Dean Palmiere | Fix The Rot
Dean Palmiere | Fix The Rot

If you want to fix what’s broken, start by asking the hard questions—and then act with bold intent.


Culture problems. Stalled transformation. Weak leadership. Sound familiar?


If your company feels like it’s stuck in a death spiral, it’s not just bad luck or a rough market. It’s a leadership problem, a culture problem, and a strategy problem—all rolled into one ugly mess. But you can’t fix it without knowing exactly where the rot is.


Here’s your no-BS guide to analyzing an organization that’s in dire need of change—and fast.


1. Conduct a Reality Check: Stop Believing the PR Bullsh*t


Start with the raw truth: What’s REALLY happening on the ground? Not what the execs say. Not the fancy mission statement plastered in the lobby. Talk to people in the trenches. Frontline employees. Middle managers. Customers.


You need unfiltered, boots-on-the-ground feedback about what’s broken. Don’t sugarcoat it. Ask hard questions like:

• “What’s the most frustrating part of your job?”

• “What leadership behavior is holding the company back?”

• “What would make you quit tomorrow?”


The Goal: Rip off the Band-Aid and expose the wounds.
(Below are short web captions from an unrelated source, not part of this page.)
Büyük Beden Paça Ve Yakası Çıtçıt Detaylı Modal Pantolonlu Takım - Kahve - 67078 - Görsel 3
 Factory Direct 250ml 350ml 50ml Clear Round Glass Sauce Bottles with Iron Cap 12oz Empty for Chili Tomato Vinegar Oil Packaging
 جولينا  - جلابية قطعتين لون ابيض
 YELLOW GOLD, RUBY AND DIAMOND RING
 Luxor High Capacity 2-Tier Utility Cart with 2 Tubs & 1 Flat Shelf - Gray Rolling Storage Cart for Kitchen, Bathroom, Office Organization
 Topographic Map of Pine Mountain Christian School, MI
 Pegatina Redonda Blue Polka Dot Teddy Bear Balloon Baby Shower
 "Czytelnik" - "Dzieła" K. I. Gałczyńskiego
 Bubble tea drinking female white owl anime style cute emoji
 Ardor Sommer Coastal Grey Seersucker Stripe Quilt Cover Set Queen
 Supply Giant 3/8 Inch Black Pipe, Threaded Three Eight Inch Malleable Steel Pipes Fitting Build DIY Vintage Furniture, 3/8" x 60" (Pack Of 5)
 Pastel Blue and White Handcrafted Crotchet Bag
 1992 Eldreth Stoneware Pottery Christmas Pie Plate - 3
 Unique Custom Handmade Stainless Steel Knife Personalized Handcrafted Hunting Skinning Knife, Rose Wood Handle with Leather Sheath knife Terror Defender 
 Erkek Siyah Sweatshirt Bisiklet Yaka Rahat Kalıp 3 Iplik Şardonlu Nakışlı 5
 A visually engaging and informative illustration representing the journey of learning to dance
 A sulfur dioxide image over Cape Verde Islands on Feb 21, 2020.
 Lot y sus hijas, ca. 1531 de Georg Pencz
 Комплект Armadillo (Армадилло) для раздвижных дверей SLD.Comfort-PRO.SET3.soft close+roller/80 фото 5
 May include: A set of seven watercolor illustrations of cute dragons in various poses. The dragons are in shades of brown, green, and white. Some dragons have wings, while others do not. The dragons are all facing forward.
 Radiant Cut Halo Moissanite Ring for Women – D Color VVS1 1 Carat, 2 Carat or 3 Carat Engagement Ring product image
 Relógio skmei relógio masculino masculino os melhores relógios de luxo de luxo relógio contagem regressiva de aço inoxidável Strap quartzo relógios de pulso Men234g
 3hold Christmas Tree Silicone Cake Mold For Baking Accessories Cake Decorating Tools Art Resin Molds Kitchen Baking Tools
2. Audit Leadership: Find the Weak Links


Transformation begins (or fails) at the top. Analyze your leadership team with a critical eye. Are they inspiring action or just talking a good game? Are they visible, authentic, and accountable—or hiding behind boardroom doors?


Look for these red flags:

• Leaders who micromanage instead of empowering.

• Decision paralysis.

• “Do as I say, not as I do” behavior.


The Goal: Identify who’s driving the ship and who’s just dead weight. If someone’s leadership is more toxic than transformative, it’s time for them to go.


Dean Palmiere | Transformation
Dean Palmiere | Transformation

3. Diagnose the Culture: Toxic or Just Broken?


Culture eats strategy for breakfast—but only if it’s healthy. If your culture is toxic, no strategy on earth will save you.


Look for symptoms of toxicity:

• Cliques, silos, and “us vs. them” mindsets.

• High turnover in key departments.

• Employees disengaged, clocking in but mentally checked out.


But toxicity isn’t always the issue. Sometimes, the culture is just neglected or misaligned with the company’s goals. Either way, you’ve got to dig deep to figure out what’s causing the disconnect.


The Goal: Define the cultural behaviors you need to move forward—and root out the ones that are holding you back.


4. Analyze Transformation Readiness: Can This Team Even Handle Change?


Change isn’t just about good ideas—it’s about execution. If your company has failed at transformation before, find out why.


Ask:

• Are people resistant to change, or just sick of constant pivots with no results?

• Does the company have the right tools, systems, and skills to adapt?

• Are leaders driving change, or are they the biggest obstacles?


The Goal: Understand what’s blocking real progress—and make a plan to bulldoze it.


5. Follow the Money: How is the Pain Point Impacting the Bottom Line?


This is where you connect the dots. Culture, transformation, and leadership issues aren’t just HR headaches—they’re costing you real money. High turnover, missed opportunities, inefficiency—it all adds up.


Crunch the numbers:

• What’s the financial impact of employee disengagement?

• How much are leadership failures slowing down decision-making?

• What’s the cost of missed innovation opportunities?


The Goal: Build a business case for urgent change. When you can tie these issues to dollars, you’ll get buy-in faster.


The Bottom Line


Analyzing a broken company isn’t about pointing fingers—it’s about exposing the raw truth, no matter how uncomfortable. Culture change, transformation, and leadership shifts aren’t easy, but they’re mandatory if you want to survive and thrive.


So rip off the Band-Aid, dig into the mess, and start fixing what’s broken. Because if you don’t, someone else will—and they’ll take your customers, your talent, and your market share while you’re still sitting in meetings, “strategizing.”